### The data:
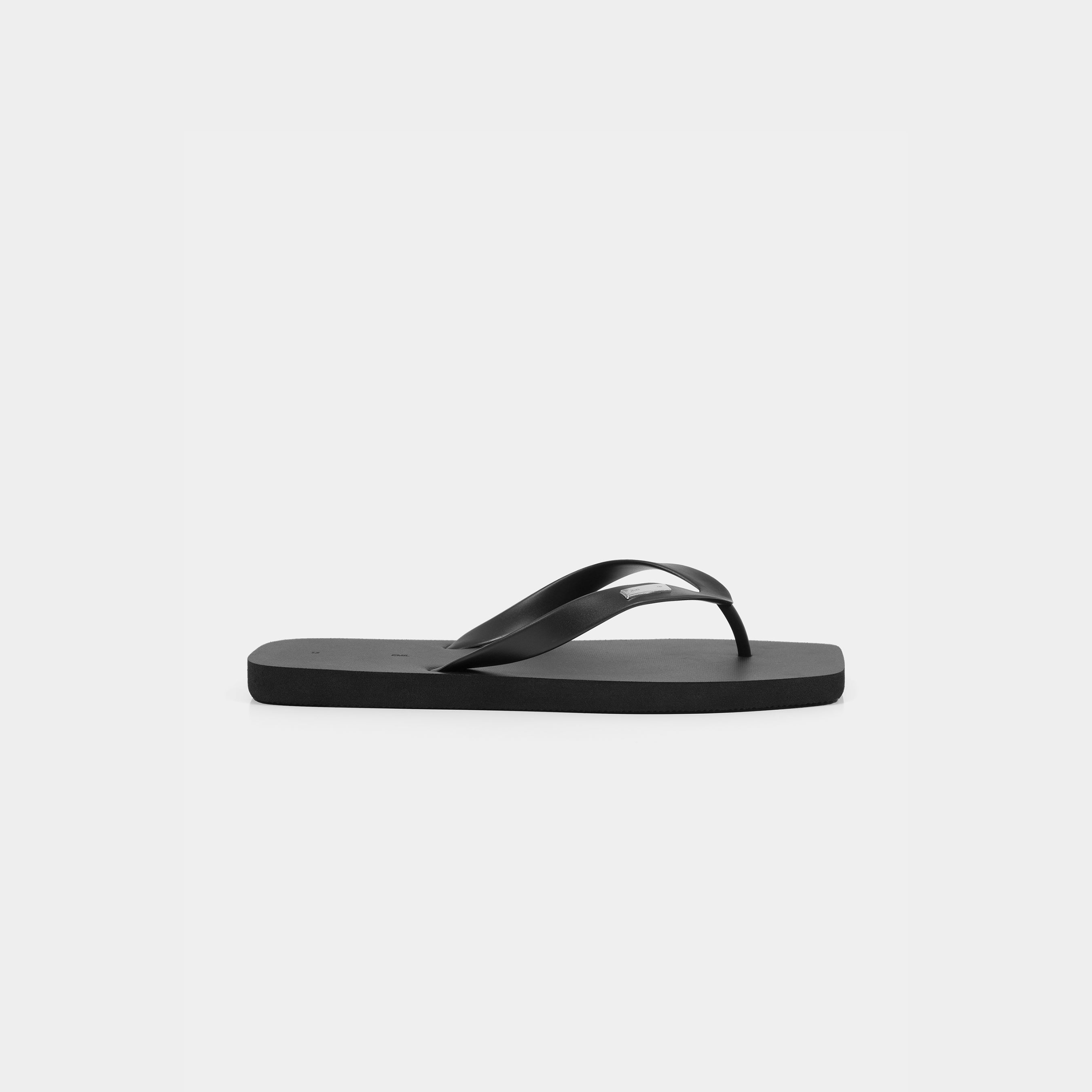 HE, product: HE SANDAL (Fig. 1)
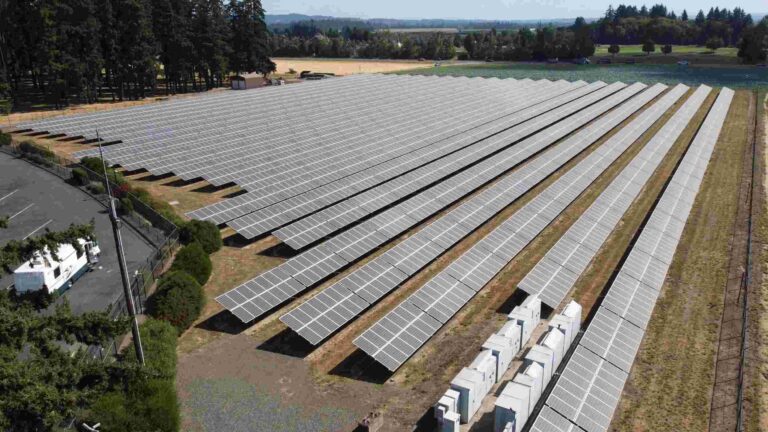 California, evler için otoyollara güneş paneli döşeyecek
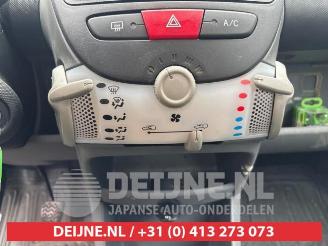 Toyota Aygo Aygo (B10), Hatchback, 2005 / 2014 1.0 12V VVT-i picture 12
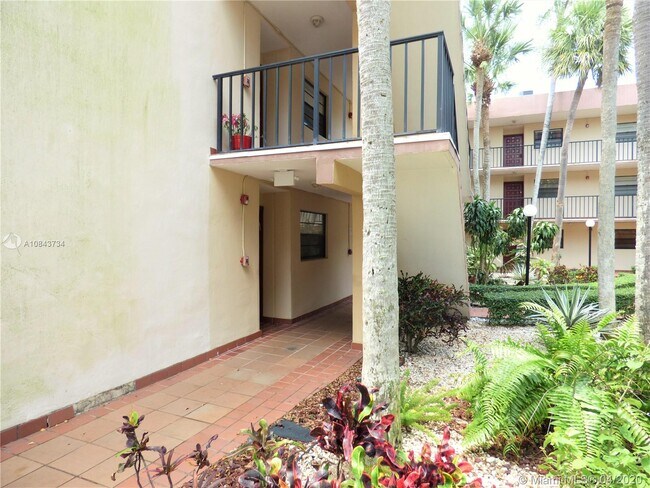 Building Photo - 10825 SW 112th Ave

### Exercise goal:
Find the line with "Toyota Aygo Aygo". Reproduce it and every line after it through the last line above exactly, leaving out the pictures.

### Your solution:
 Toyota Aygo Aygo (B10), Hatchback, 2005 / 2014 1.0 12V VVT-i picture 12
 Building Photo - 10825 SW 112th Ave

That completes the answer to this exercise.